Scanbox Approach to Shape Reconstruction for Automated Reticle Inspection


The paper describes a generalization of the scanline approach [1] to reconstruction of the shape of planar object represented by a discrete point set with a given distance threshold d. This problem arises in applications of VLSI layout image processing, e.g., during automated reticle inspection.

Two algorithms are presented, with time complexities O(min {n, (n + t)log n}) and O(n log n), respectively, where n is the number of input points, t is the number of fixed-radius neighbor pairs. The first one is applicable for sparse point sets, e.g., for almost-grid point sets. In addition, ideas from the first algorithm, combined with the scanbox approach lead to the second algorithm efficient in the general case.



Determining the shape of a planar object represented by a finite set of its points is a well-known problem of image processing. Among the major reasons for its complexity is lack of formalization of the notion of "shape". A natural approach to computationally hard problems is to design efficient algorithms treating special cases suitable to specific application areas. Various applications pose different requirements to "shape". Examples of simplest, or coarsest definitions of shape are the bounding box of an object and the convex hull. These definitions of "shape" deliver a reasonable trade-off for goal vs. efficiency in packaging, VLSI floorplanning, etc. More sophisticated "shape" definitions may be found in [2] and [3], Sect. 43.2 "Extracting Shape from Dot Patterns". A number of known algorithms in fact construct a whole family of shapes depending of a parameter of the algorithm, usually related with mutual proximity of points.

In image processing applications a common special case is shape reconstruction for a set of points approximately placed on a regular grid with step d. Examples of such grids are pixels of the scanned image or probe locations under regular probing. In these cases the following definition is often suitable.

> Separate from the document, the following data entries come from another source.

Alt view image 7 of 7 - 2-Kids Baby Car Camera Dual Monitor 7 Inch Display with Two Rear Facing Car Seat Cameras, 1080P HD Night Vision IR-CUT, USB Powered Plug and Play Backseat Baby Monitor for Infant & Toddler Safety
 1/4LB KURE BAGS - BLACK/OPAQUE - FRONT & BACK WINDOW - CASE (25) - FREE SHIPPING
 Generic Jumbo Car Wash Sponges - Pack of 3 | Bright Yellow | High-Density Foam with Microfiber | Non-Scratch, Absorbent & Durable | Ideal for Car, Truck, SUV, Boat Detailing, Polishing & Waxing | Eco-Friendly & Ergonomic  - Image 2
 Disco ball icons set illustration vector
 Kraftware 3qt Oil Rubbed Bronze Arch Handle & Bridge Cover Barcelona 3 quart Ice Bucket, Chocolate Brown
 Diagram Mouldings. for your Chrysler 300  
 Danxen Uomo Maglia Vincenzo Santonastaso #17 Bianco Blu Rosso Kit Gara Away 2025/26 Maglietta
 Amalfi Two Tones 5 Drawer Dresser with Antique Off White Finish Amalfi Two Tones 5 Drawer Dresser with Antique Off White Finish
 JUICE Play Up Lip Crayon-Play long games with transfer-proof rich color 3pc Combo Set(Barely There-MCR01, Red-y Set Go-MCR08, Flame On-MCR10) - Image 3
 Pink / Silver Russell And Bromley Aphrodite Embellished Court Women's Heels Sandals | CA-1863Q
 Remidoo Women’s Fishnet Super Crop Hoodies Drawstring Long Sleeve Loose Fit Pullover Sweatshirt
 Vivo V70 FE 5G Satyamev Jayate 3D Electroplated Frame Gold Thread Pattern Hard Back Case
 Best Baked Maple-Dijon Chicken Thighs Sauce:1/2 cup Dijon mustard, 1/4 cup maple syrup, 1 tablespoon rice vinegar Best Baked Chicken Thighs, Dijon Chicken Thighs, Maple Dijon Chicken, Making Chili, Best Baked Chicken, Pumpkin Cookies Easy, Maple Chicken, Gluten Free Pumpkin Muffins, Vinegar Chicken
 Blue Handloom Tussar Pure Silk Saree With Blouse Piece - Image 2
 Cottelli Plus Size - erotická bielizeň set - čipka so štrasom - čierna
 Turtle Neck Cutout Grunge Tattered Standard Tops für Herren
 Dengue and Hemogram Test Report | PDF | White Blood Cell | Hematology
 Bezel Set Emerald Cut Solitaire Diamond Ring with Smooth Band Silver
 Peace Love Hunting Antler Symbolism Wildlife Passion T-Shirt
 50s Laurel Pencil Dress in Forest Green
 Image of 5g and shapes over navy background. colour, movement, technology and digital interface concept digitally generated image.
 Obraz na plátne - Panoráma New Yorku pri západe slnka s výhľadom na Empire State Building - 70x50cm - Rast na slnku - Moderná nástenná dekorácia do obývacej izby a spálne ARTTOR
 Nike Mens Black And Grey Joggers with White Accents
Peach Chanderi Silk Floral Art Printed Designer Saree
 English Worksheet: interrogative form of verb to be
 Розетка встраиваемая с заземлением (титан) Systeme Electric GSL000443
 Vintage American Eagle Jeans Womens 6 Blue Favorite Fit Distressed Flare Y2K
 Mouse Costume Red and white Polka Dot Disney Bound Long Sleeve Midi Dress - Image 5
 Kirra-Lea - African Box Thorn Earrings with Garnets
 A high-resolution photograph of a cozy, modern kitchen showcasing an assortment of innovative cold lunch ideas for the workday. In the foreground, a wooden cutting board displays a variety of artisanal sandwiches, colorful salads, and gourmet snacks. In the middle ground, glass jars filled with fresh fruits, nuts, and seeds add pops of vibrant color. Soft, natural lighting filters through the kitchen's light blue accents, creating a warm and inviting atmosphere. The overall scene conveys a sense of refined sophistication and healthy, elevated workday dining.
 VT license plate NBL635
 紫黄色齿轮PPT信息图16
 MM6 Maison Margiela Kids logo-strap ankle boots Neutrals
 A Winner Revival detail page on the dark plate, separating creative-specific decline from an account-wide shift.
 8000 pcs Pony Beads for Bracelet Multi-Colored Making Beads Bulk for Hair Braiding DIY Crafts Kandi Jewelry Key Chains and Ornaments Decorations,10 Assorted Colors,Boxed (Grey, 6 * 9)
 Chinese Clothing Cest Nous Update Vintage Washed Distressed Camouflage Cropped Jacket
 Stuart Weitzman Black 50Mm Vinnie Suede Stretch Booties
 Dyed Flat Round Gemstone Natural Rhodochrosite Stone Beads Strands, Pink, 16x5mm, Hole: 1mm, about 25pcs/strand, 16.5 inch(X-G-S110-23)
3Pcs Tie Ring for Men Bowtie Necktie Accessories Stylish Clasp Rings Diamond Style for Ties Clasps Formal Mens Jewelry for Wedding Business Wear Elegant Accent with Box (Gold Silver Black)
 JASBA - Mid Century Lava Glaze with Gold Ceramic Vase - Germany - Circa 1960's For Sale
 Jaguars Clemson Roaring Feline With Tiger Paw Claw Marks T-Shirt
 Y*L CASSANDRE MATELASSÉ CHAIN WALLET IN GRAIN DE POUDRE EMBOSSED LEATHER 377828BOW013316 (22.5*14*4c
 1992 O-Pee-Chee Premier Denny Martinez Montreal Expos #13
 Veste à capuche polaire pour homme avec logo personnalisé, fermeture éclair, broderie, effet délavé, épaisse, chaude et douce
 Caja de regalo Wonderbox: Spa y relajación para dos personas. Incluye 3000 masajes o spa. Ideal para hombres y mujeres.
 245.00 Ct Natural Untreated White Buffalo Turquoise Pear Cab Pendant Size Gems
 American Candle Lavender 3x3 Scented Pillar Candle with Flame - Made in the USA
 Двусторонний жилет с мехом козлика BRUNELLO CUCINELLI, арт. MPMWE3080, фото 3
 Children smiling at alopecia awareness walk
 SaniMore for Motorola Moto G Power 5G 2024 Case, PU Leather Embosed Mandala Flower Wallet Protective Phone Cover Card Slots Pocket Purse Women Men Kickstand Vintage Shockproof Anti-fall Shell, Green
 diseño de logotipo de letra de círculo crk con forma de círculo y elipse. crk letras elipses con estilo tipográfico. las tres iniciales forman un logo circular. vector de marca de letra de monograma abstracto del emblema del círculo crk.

The shape of a finite point set is a maximal-area polygonal region with side lengths not exceeding d that contains the given point set. Variations of this basic definition allow for "rectification" of shape boundary according to some angle or deflection thresholds for data compression. This definition is stated to grasp the notion of the external shape, however it may be generalized to allow for non-simply-connected regions, i.e., regions with holes.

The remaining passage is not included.